Rotten and discordant to the core
In university days, the college branch of the Liberal Party declared its gender equality at Freshers’ Week with a poster declaring that women made decisions, not tea. Even in the 1970s, it seemed a redundant statement; Margaret Thatcher had become prime minister the previous May, no-one would ever doubt that women had become decision-makers.
Educated in a culture of equality and coming to Ireland in 1983, it seemed odd that there were institutions still locked in mindsets from the 19th Century, not only locked in the past, but proud of maintaining that inequality.
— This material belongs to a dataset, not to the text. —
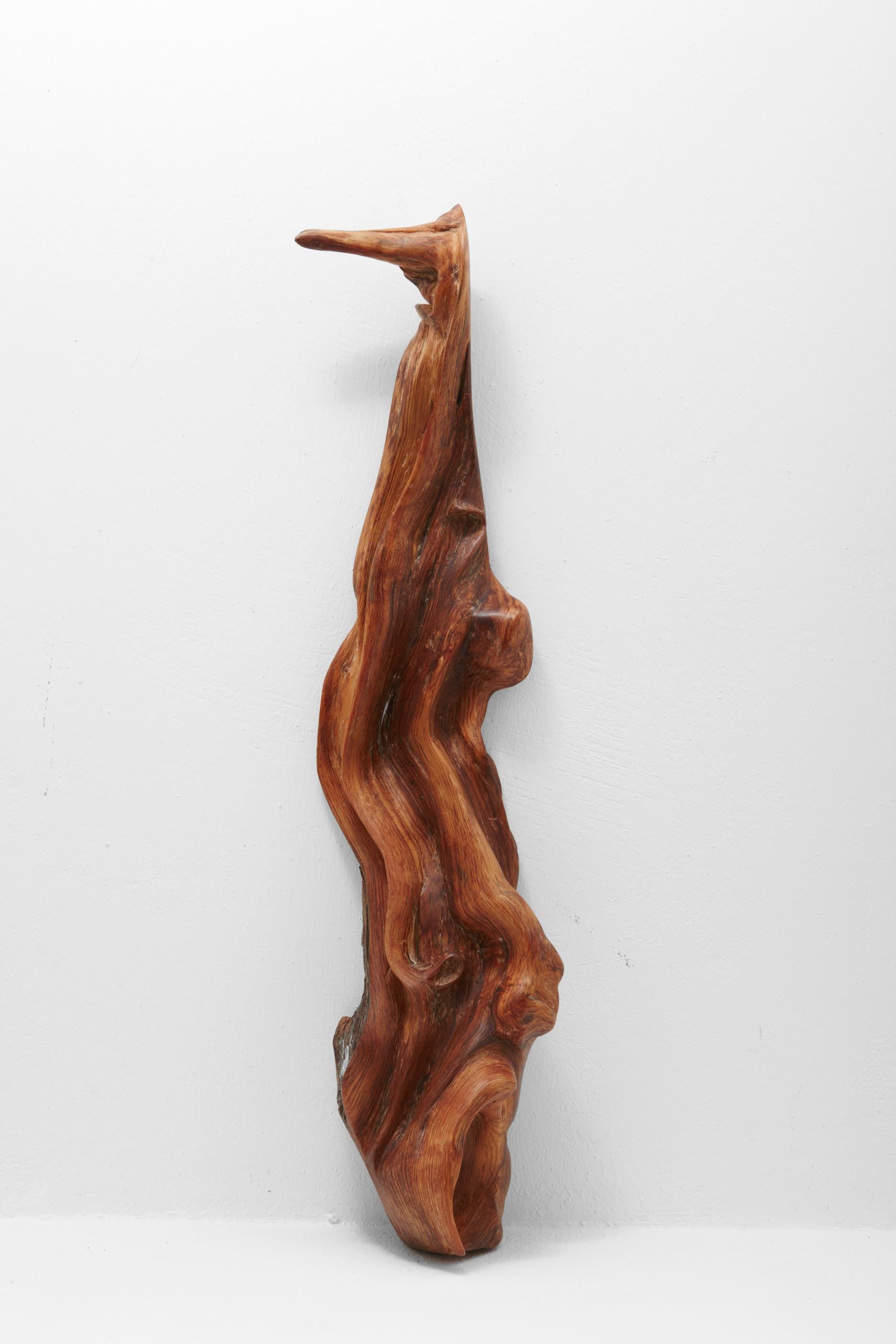 Unique sculpture signed by Jörg Pietschmann.
Materials: Olive wood.
Measures: H 14 x W 63 x D 13 cm.

In Pietschmann’s sculptures, trees that for centuries were part of a landscape and founded in primordial forces tell stories inscribed in the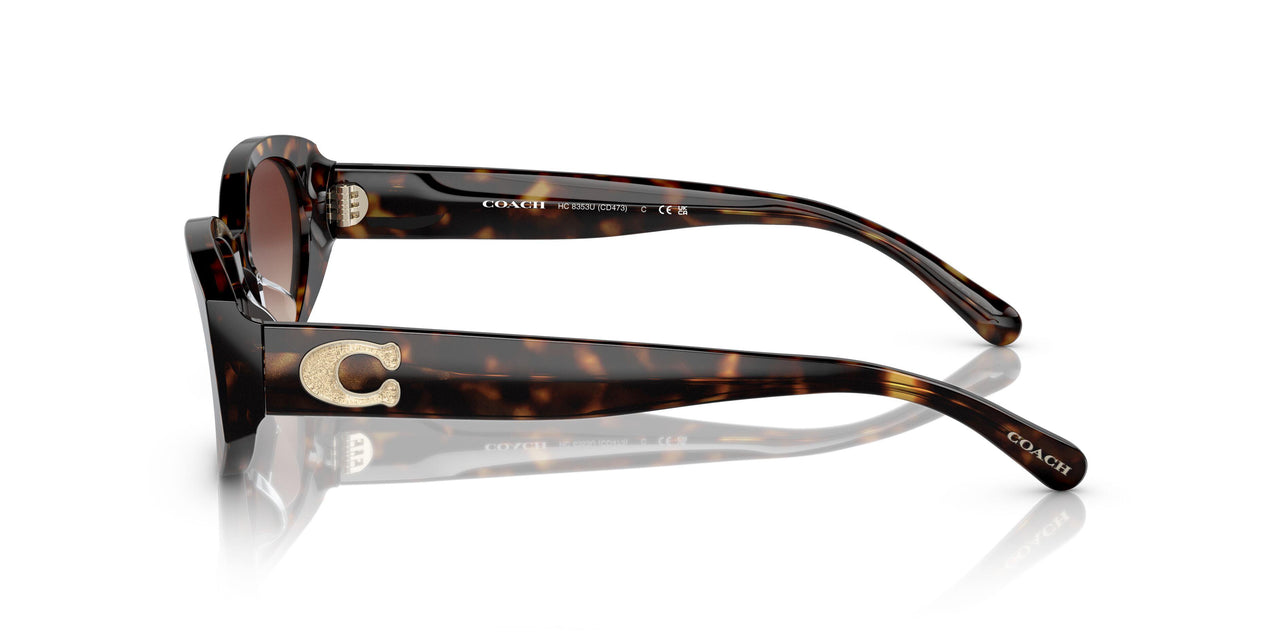 512013 - Havana - Dark Brown Gradient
Reading John Boyne’s novel A History of Loneliness, Father Odhran Yates, the narrator of the story, reflects on gender roles in the church. Patriarchy rules in Boyne’s character’s description:
“There were men who volunteered as well, of course, but God forbid that any of them should get stuck with the menial work. No, the men read the lessons on a Sunday morning when there was a decent-sized congregation to testify to their saintliness. Or they became ministers of the Eucharist, standing at the edges of the altar with expressions of piety on their faces as they offered the body of Christ to those members of the flock who had failed to arrive early enough to sit by the centre aisles, where the priest himself gave communion. The men helped to write the parish newsletter, but the women delivered it. The men organized the church social evenings, but the women cleaned up when they were over; the men encouraged the children to take part in family Masses, but the women had to look after them when they did. This was not particular to my mother’s day or my mother’s church; I have known men and women like this all my life and there are some things, rotten and discordant to the core, that will never change”.
“There are some things, rotten and discordant to the core, that will never change.” Do Father Yates’ words represent the reality of what is out there? Many of us could produce anecdotal evidence of a church that was very different in its character, but anecdotal evidence is not sufficient to contradict the institutional inequality. So is there no prospect of the church ever changing, of it ever moving from the 19th to the 21st Century?
Clerical child abuse forms the central theme of Boyne’s bleakly depressing novel that leaves one wishing for the disappearance of the last vestiges of the church. Perhaps a commitment to equality and inclusivity might not only bring the church forward by a century, but give it the prospect of survival in hostile times.